Claudinei Campagni, 56, há dez anos dono de um pequeno escritório de corretagem de imóveis no bairro, diz que a atuação do padre é vista como uma ação para promoção de partidos de esquerda. “O trabalho social é admirável, mas as reclamações que ouço aqui são sobre as escolhas políticas”, conta o corretor.
Wilson Aliano, 72, disse à Folha que questões políticas o levaram a deixar o bilhete na porta da paróquia de Lancellotti. Ele afirmou que não tinha a intenção de fazer ameaças, mas queria reclamar que o imóvel, destinado ao culto religioso não deveria ser usado para o que ele considera fins políticos “de qualquer ideologia”, disse. “Nunca odiamos os pobres, de jeito nenhum.”
Pablo Almada, pesquisador do Núcleo de Estudos da Violência da USP, considera que certos conteúdos distribuídos pela internet incentivam um aumento da tensão e, por vezes, até mesmo atitudes violentas.
“Publicar uma foto numa rede social com a frase onde a cracolândia estará amanhã pode incentivar um comportamento agressivo de uma classe média que não quer esse problema na sua porta”, afirma ele.
Metade dos paulistanos diz acreditar que há cracolândias em seus bairros, mostrou pesquisa Datafolha com 1.092 pessoas entrevistadas no município nos dias 29 e 30 de agosto.
Questionada sobre a possibilidade da mudança da cracolândia para a Mooca, a gestão do prefeito Ricardo Nunes (MDB) afirmou que o fluxo de usuários de crack está concentrado próximo ao bairro da Luz, na região central, e que sua movimentação possui dinâmica própria.
Relator do grupo de trabalho de enfrentamento ao discurso de ódio do Ministério dos Direitos Humanos do governo Lula (PT), o advogado Camilo Onoda Caldas atribui a crise no bairro à omissão do poder público.
Professor de direito da Universidade São Judas, Caldas lecionou no campus instalado na Mooca e acompanhou de perto a escalada da tensão na região.
“É uma situação histórica, que vem se acumulando pelo descaso que criou um senso de urgência que é difícil de resolver sem uma política pública”, diz Caldas.

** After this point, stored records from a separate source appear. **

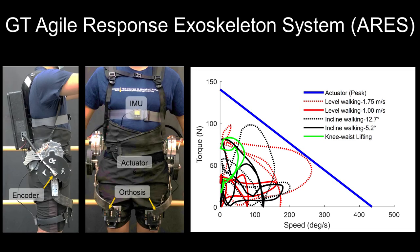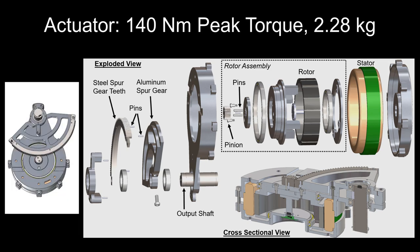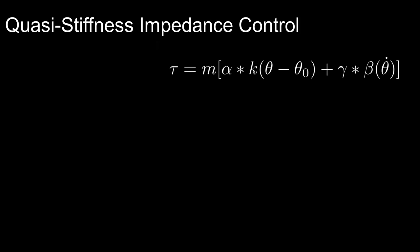We design a powerful and versatile quasi-direct-drive hip exoskeleton to assist in both lifting and ambulation. The in-house fabricated actuator is built around a frameless motor to achieve high specific torque and high peak torque. The actuator features a partial spur gear composed of steel teeth and aluminum framing to reduce weight. The type of controller employed for all tasks featured in this work is quasi-stiffness impedance control.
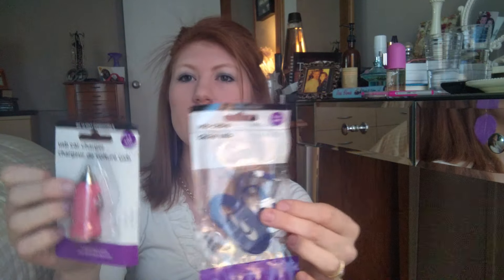I know it's weird — a girl going out and getting a hacksaw and a handsaw — but just to keep around the house, I promise I'm not doing anything bad with it! I also got a USB charger and a USB cable to keep in my car, to charge my phone, my Nook, my husband's Kindle, or anyone else's phone.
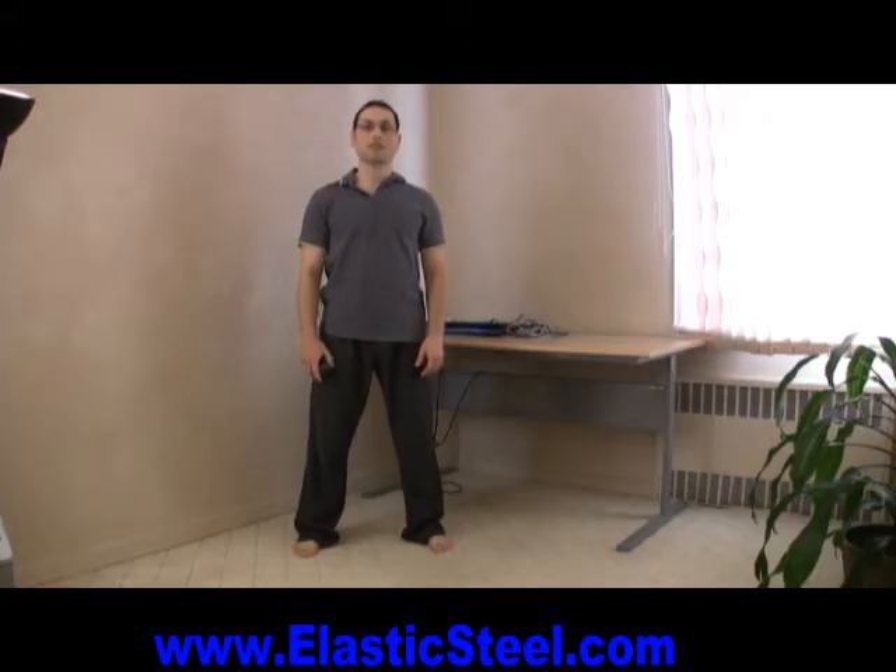Hello, I'm Paul Zajic, founder of Elastic Steel method of athletic conditioning. Today, I would like to talk to you about the defensive side kick.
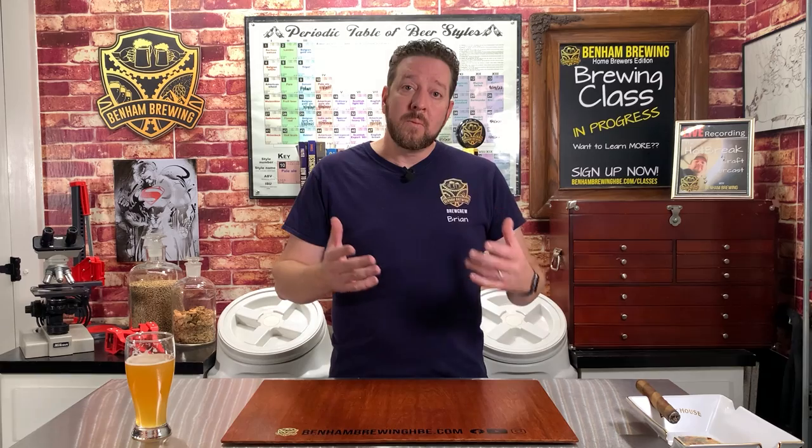The other benefit with doing a pressure fermentation is because you're suppressing the yeast and the esters they're producing, you can ferment at a warmer temperature. Generally, yeast are very happy at a warmer temperature — you can get a lager yeast to ferment at 100 degrees, but you're not going to want to drink the beer that results from that. So by putting pressure on it, you suppress the esters, you can raise the temperature, and the end result is you can ferment faster. You can take a lager that would normally take eight weeks and compress it down into two weeks, and the same thing with ales — you can take a two-week ale and compress it down into about four or five days.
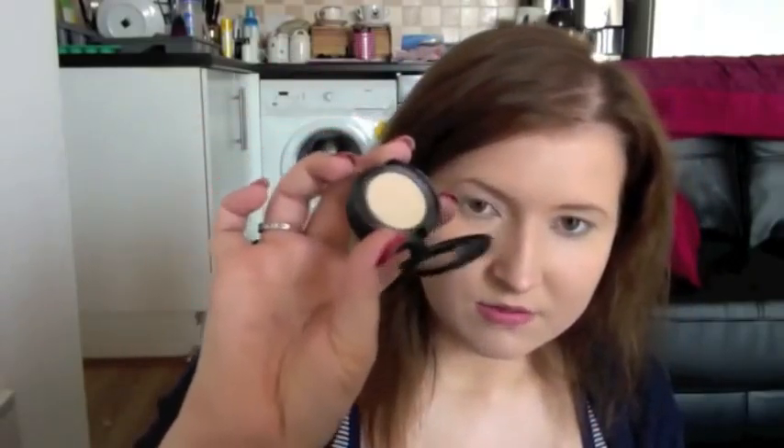This is MAC Dazzolite — it is a slightly shimmery, sort of yellowish neutral colour, which is really good for getting rid of the redness on your actual eye. This is a MAC brush. I'm literally just going to pick a little bit up and dust it over the lid, and then it brightens the eye a little. This is a MAC 217 — everyone knows about it.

ESTADO E PREFEITURA DIZEM APURAR AGRESSÕES CONTRA POPULAÇÃO DE RUA
A gestão Ricardo Nunes afirmou, em nota, ter realizado em agosto 1.589 abordagem no território da Mooca por meio de orientadores socioeducativos. Também disse que a GCM (Guarda Civil Metropolitana) presta apoio para mediar e evitar possíveis conflitos e que não compactua com desvios de conduta e que toda denúncia é devidamente apurada.
Já a Secretaria de Segurança Pública, do governador Tarcísio de Freitas (Republicanos) afirmou que as forças policiais atuam na região, onde crimes contra o patrimônio caíram 3,19% de janeiro a julho deste ano, passando de 752 para 728 casos. Além disso, foram presos e apreendidos 1.329 criminosos no período.
Flagrantes de maus-tratos contra pessoas em situação de rua devem ser comunicados pelo 190 ou nas delegacias de polícia e qualquer denúncia de desvio de condutas em abordagens da PM pode ser formalizada na Corregedoria da Polícia Militar, disse o governo estadual.